Zola Jesus (aka Nicole Hummel) is an American singer/songwriter who popped up as a ‘recommended artist’ on a popular music streaming site while I was listening to the likes of Chelsea Wolfe and Murkur. Her musical style combines elements of electronic, goth, industrial and classical music to create a sound which is quite unique. On Monday night she played a sold out show at the 320-capacity Omeara in London and I went along to check it out.
Despite it being just round the corner from my office, I had never been to Omeara before. It is a beautiful venue that is super-intimate and features shabby-chic peeling paint on the walls and distressed wooden floorboards on the stage. When I arrived there were just a hand-full of other people there – mainly lining the stage – but the place soon filled up for this sold out show.
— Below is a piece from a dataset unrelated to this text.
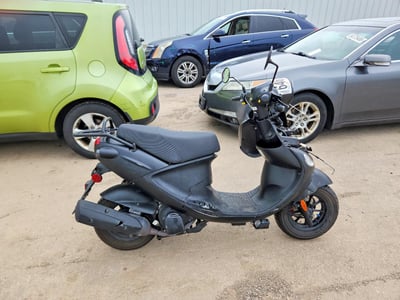 2021 Genuine Scooter Buddy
First to hit the stage was London-based artist Jylda, who wore a large white coat and green trousers. Her music was more electronic than anything I am used to but it is always nice to experience something new. It was great to watch her get lost in the music she was creating, which featured samples and a backing-track created via her laptop accompanied by soaring vocals and some expressive dance-moves. I swayed and bopped along to her set, which included her latest single “The Body”.
Next to hit the stage was another female electronic artist – Ah! Kosmos (aka Başak Günak) who was born in Istanbul but now based in Berlin. Ah! Kosmos’ setup featured a keyboard, laptop and some knobs which I am sure did something wonderful as she twizzled them, and she wore a lovely sparkly silver jacket which caught the light beautifully and made her great to photograph. I enjoyed the energy she brought to the stage, and the found sounds that she sampled in her music which gave it extra depth and interest. She was very engaging to watch as she created some great sounds from the myriad of electronic devices in front of her.
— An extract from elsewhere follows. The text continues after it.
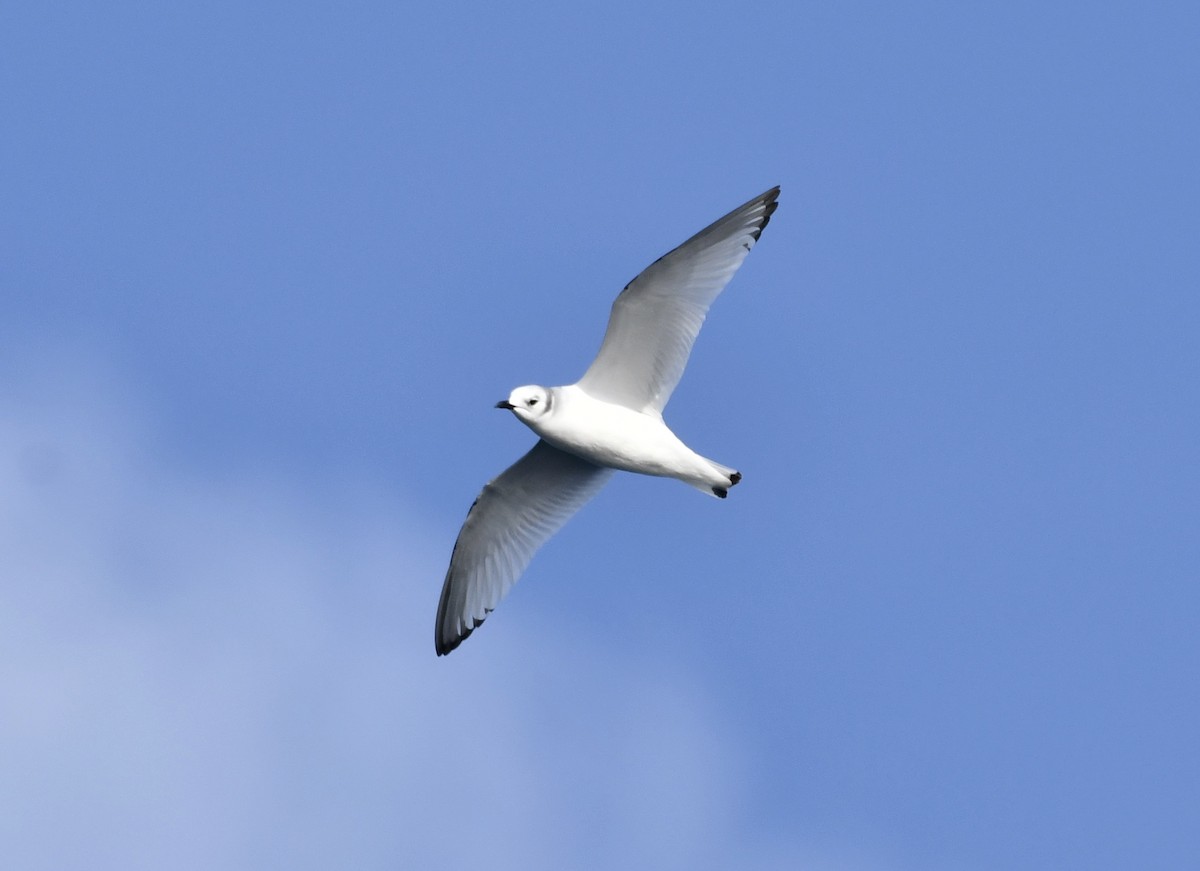 Black-legged Kittiwake - ML396355221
Zola Jesus made quite the entrance when she took to the barely-lit stage draped in red fabric and opened her set with the atmospheric “Veka” from her most recent album Okovi. She was joined on stage by a violinist and guitarist, and a projector at the front of the stage shone textured light onto her and her band. By this point the tiny character-full room was absolutely rammed, and there was a great atmosphere. Zola Jesus’ performance was very dramatic, and had a different vibe from the other two artists who had gone before; there was definitely a dark vibe to her set, which included my personal favourite “Dangerous Days” from her 2014 album Taiga, as well as a great selection of tracks from her back-catalogue.